Stored data entries
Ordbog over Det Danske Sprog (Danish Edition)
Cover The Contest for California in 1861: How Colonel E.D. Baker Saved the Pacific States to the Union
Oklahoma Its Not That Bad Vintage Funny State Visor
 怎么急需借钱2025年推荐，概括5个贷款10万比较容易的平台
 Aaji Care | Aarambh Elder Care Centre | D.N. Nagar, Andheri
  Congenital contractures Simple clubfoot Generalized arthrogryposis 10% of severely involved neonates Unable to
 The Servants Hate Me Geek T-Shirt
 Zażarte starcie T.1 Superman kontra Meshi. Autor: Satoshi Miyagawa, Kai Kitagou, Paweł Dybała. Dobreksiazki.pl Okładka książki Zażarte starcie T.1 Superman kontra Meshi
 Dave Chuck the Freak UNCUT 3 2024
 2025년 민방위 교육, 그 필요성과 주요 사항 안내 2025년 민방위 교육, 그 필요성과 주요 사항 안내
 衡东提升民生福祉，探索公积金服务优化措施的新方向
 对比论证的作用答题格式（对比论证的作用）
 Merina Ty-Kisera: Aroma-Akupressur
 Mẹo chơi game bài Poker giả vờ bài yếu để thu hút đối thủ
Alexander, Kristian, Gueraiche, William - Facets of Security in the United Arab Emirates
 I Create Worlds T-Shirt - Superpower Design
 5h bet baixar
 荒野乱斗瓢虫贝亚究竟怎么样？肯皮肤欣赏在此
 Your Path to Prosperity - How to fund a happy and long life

Exercise aim:
Nothing but the lines from the one containing "2025년 민방위 교육, 그 필요성과 주요 사항 안내 2025년" through the final line of the data above is to be reproduced, each exactly as written.

Result of this exercise:
 2025년 민방위 교육, 그 필요성과 주요 사항 안내 2025년 민방위 교육, 그 필요성과 주요 사항 안내
 衡东提升民生福祉，探索公积金服务优化措施的新方向
 对比论证的作用答题格式（对比论证的作用）
 Merina Ty-Kisera: Aroma-Akupressur
 Mẹo chơi game bài Poker giả vờ bài yếu để thu hút đối thủ
Alexander, Kristian, Gueraiche, William - Facets of Security in the United Arab Emirates
 I Create Worlds T-Shirt - Superpower Design
 5h bet baixar
 荒野乱斗瓢虫贝亚究竟怎么样？肯皮肤欣赏在此
 Your Path to Prosperity - How to fund a happy and long life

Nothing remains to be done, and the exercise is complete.